Task brief: Give the data again word for word; drop the pictures.

Information shown:

• • • • • • •

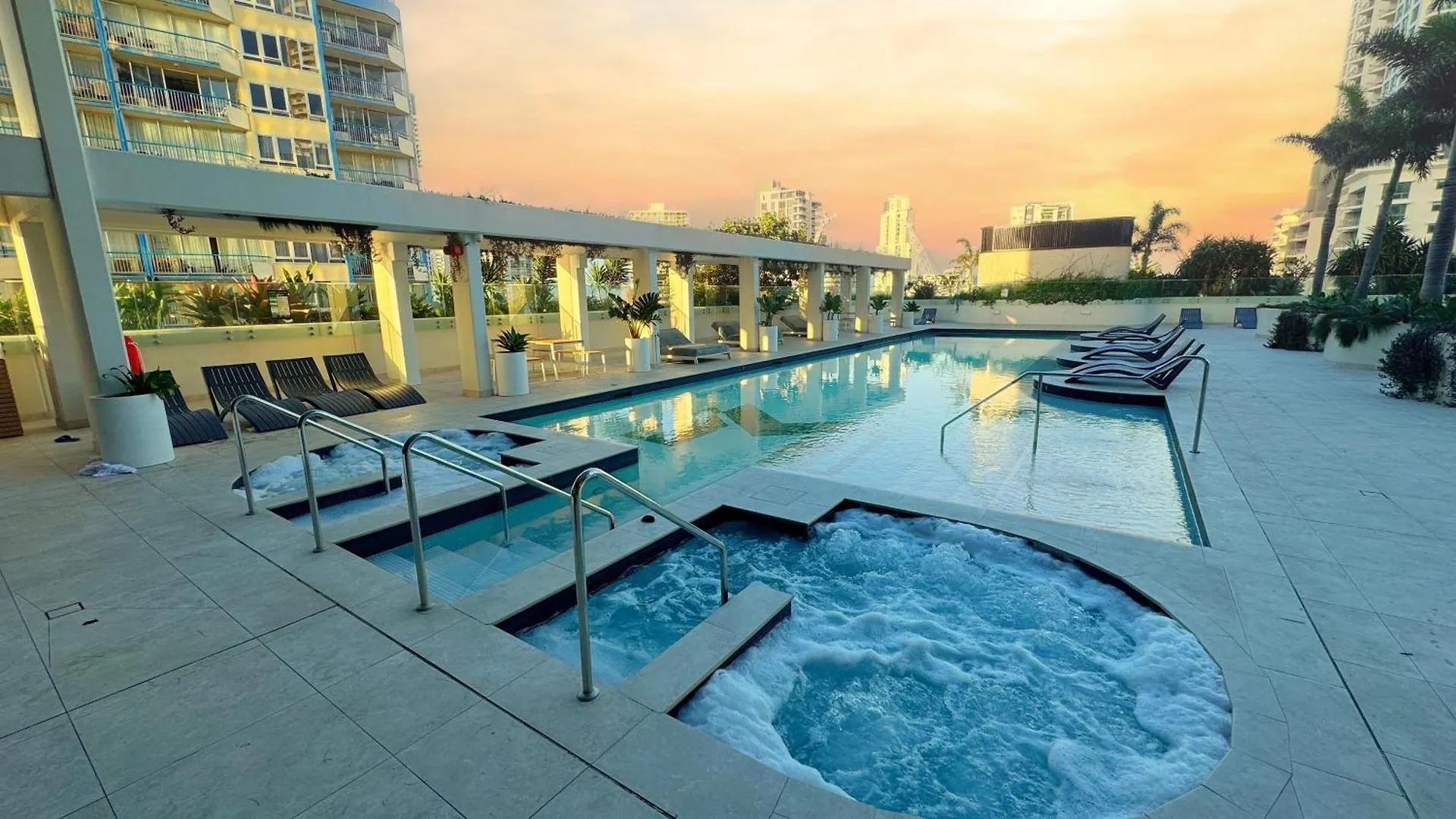 Surfers Beachside Luxury - Stunning Panoramic View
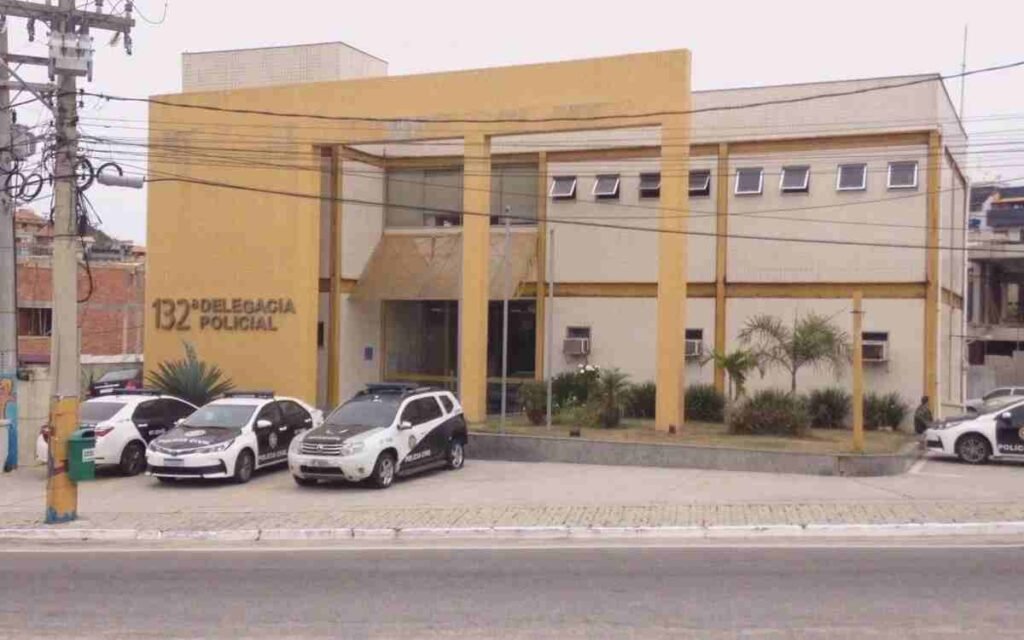 Homem roubou R$ 500 reais de turista em praia de Arraial é preso pela Polícia Militar
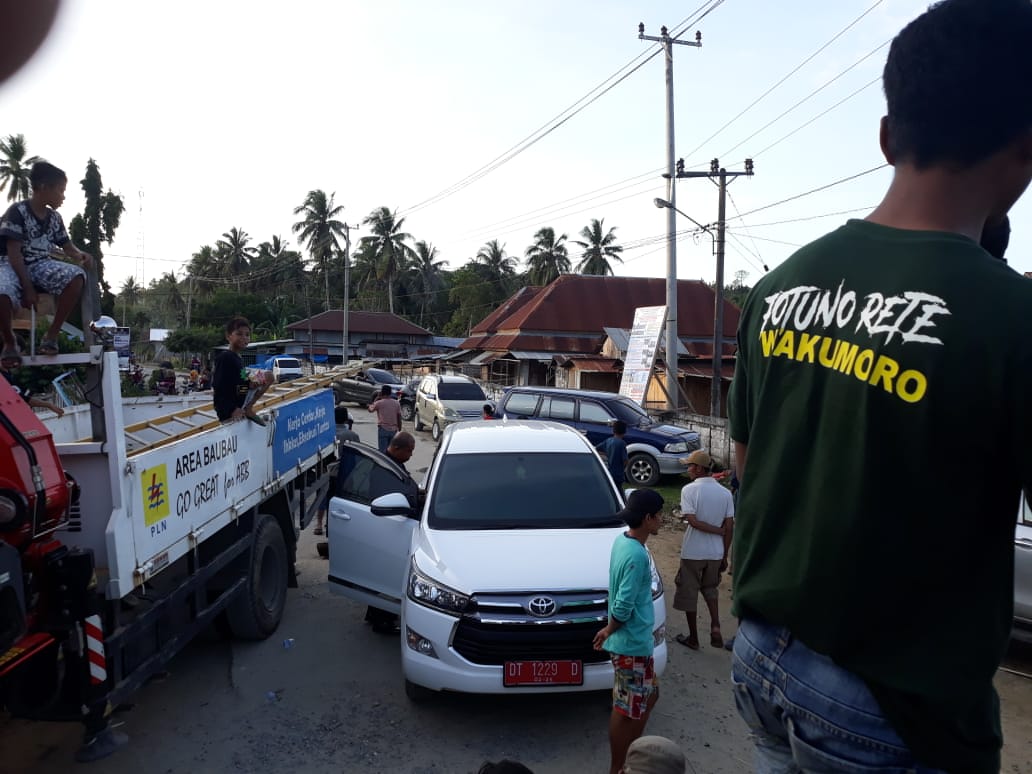 Mobil KPU Disandera Massa Pemblokir Jalan, Tahapan Pilkada Terganggu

• • • • • • •

Answer box:
 Surfers Beachside Luxury - Stunning Panoramic View
 Homem roubou R$ 500 reais de turista em praia de Arraial é preso pela Polícia Militar
 Mobil KPU Disandera Massa Pemblokir Jalan, Tahapan Pilkada Terganggu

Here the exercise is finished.